Repeat exactly the stretch of lines that starts with the one containing "Kids Christmas Celebration" and ends with the last line of the material. Leave out pictures.

▶ **DATASET EXTRACT**
########################################

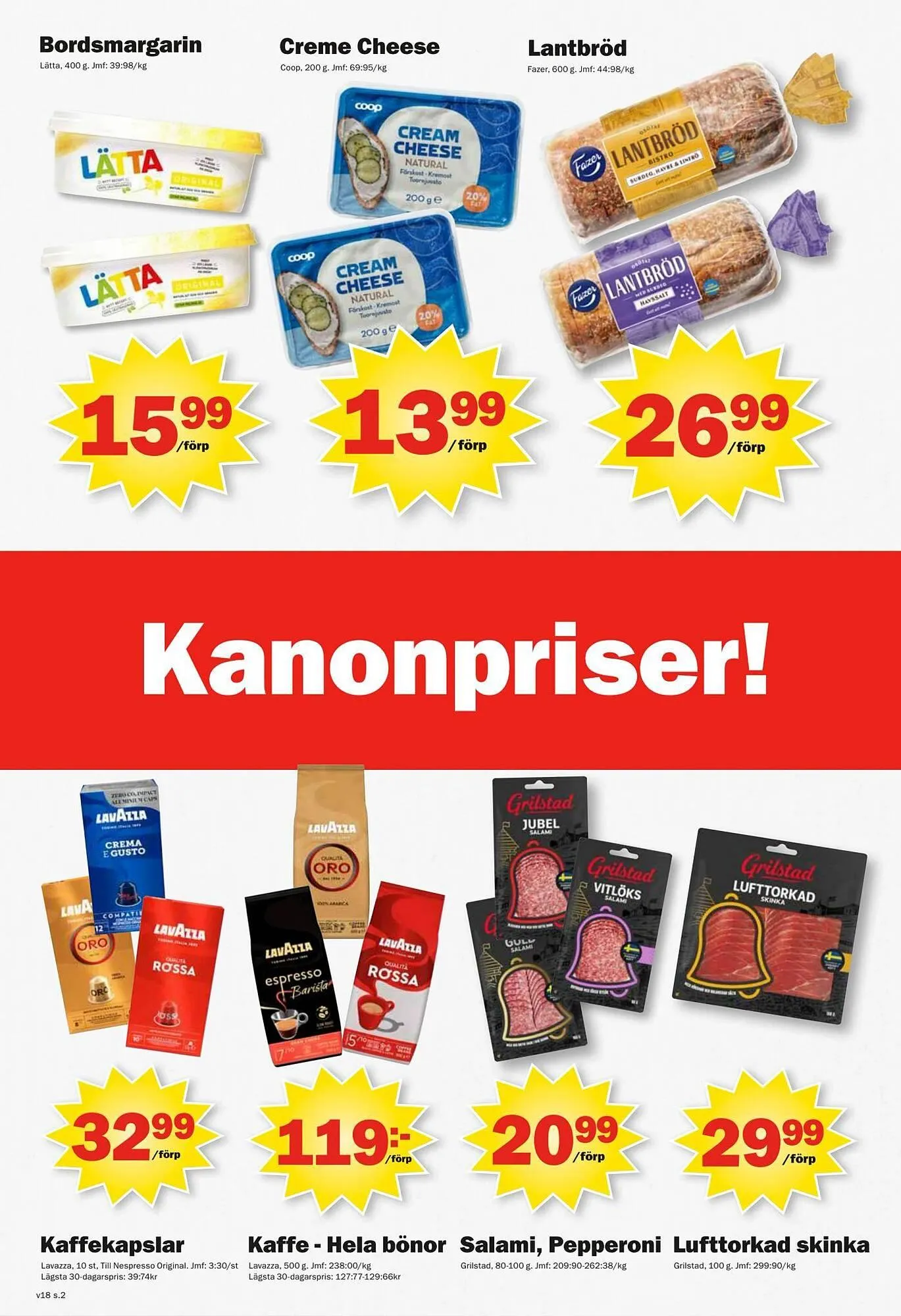 Pekås reklamblad från 27 april till 4 maj 2026 - Reklamblad sidor 2
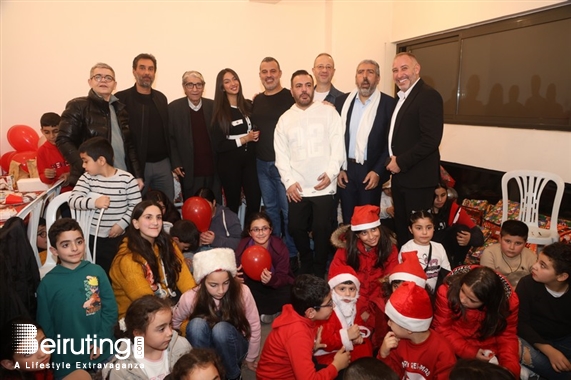 Kids Christmas Celebration at Dr. Anthony Fakhoury's Clinic Lebanon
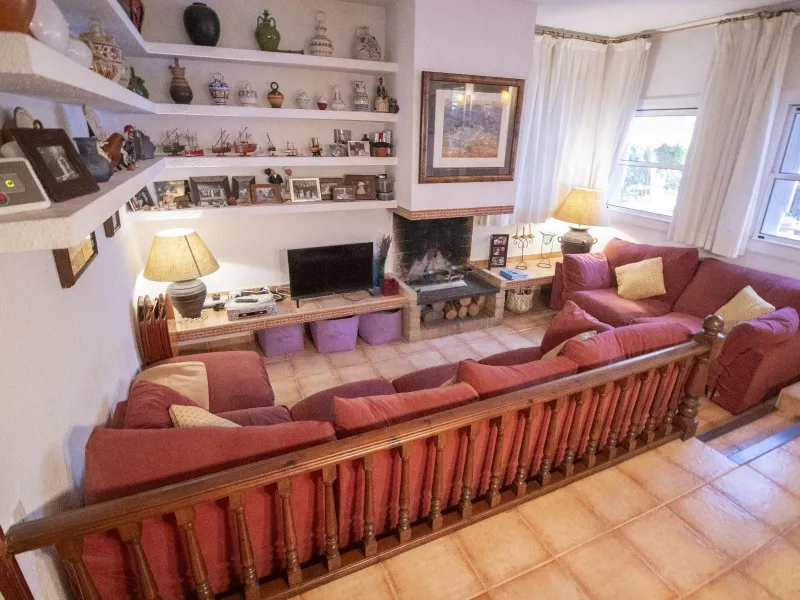 Spacious Family Home with Garden, Terraces and Pool in Coma-Ruga, Costa Dorada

########################################

▶ **SOLUTION FOR THIS PROBLEM**
 Kids Christmas Celebration at Dr. Anthony Fakhoury's Clinic Lebanon
 Spacious Family Home with Garden, Terraces and Pool in Coma-Ruga, Costa Dorada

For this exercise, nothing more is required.